Over the past couple of years, virtually every conversation about the challenges facing artists in the music-streaming economy has had one proposed quick fix: Raise subscription prices. As Milana Lewis, CEO of the distribution and payments platform Stem, told Variety last summer, “The price of everything else on earth is going up, and they all keep finding new ways to make subscriptions cheaper” via family and student plans, bundling and other initiatives. Apple Music, Amazon Music and Deezer have already done so, but others remain with the same $10 U.S. monthly price as when they started.

New Warner Music CEO Robert Kyncl brings a view from the other side to the top of the music industry: He was head of business for YouTube — where he led a sea change in the streaming giant’s relationship with the music industry by, guess what, introducing a paid music subscription service — and at Netflix, where he presided over the company’s shift from DVDs to streaming.

More from Variety

On Wednesday, shortly after Spotify livestreamed its a two-hour-plus “Stream On” conference, where it announced a bevy of new initiatives— but no U.S. subscription price hike — Kyncl gave a talk at Morgan Stanley. It’s not surprising that such a price increase was one of the major topics of discussion: Without mentioning Spotify by name, the world’s largest streaming subscription service, Kyncl noted that if the price of an individual monthly streaming subscription were adjusted for inflation, it would cost $13.25 instead of $10.
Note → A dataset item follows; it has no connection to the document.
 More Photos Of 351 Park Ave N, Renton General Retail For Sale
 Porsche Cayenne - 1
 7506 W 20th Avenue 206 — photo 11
“I do think that music is undervalued, and I think it’s underappreciated in the markets,” he said. “This is not my opinion: If you take the U.S., the price that the user pays per hour of consumption of music is half of what they pay for movies and TV shows on streaming services. I’m not even counting cable TV, where the ARPU is like insanely higher than that — but just streaming. So right there, it’s 50% undervalued today.

“How did that happen?,” he continued. “Subscription price on streaming got established in 2011 in the United States at [approximately] $10 per month per user. Some are raising, but inflation adjusted, it should be $13.25 today — and on top of it, in 2014, family plans got introduced, which effectively are lowering ARPU, which you can average out to $7. So now you’re at $7, roughly instead of $13.25.”

After acknowledging that initial low prices were essential to relaunch an industry that had seen its value cut in half due to illegal file-sharing, and that some services have begun to raise prices, he said, “That is a long time without changing the prices. And effectively, we are the lowest form of entertainment where there is monetization. I would say precisely the opposite: that music is actually the highest affinity entertainment, greater than movies and TV shows, because we use it most frequently. So we have the highest form of engagement, highest formal affinity and lowest per hour price — that doesn’t seem right.

“It is up to us, the industry overall, the DSPs and the labels to figure out a new model that drives value of music up while growing the business.”

While he admitted that he has only been in his new job for a couple of months, he did give one element of what that new model might look like.

“For instance, if a subscriber is starting the session with Lizzo, she should get the multipliers on her [stream total], because Lizzo basically brought the user to the platform — that is valuable to the platform. If she is consistently starting long sessions even though it’s not all with her content, she’s consistently long session generator. There should be multipliers for that,” he said.

“After a decade of incredible growth and coming out of the trial of the industry,” he concluded on the issue, “we need to be positioned in new ways for the next decade.”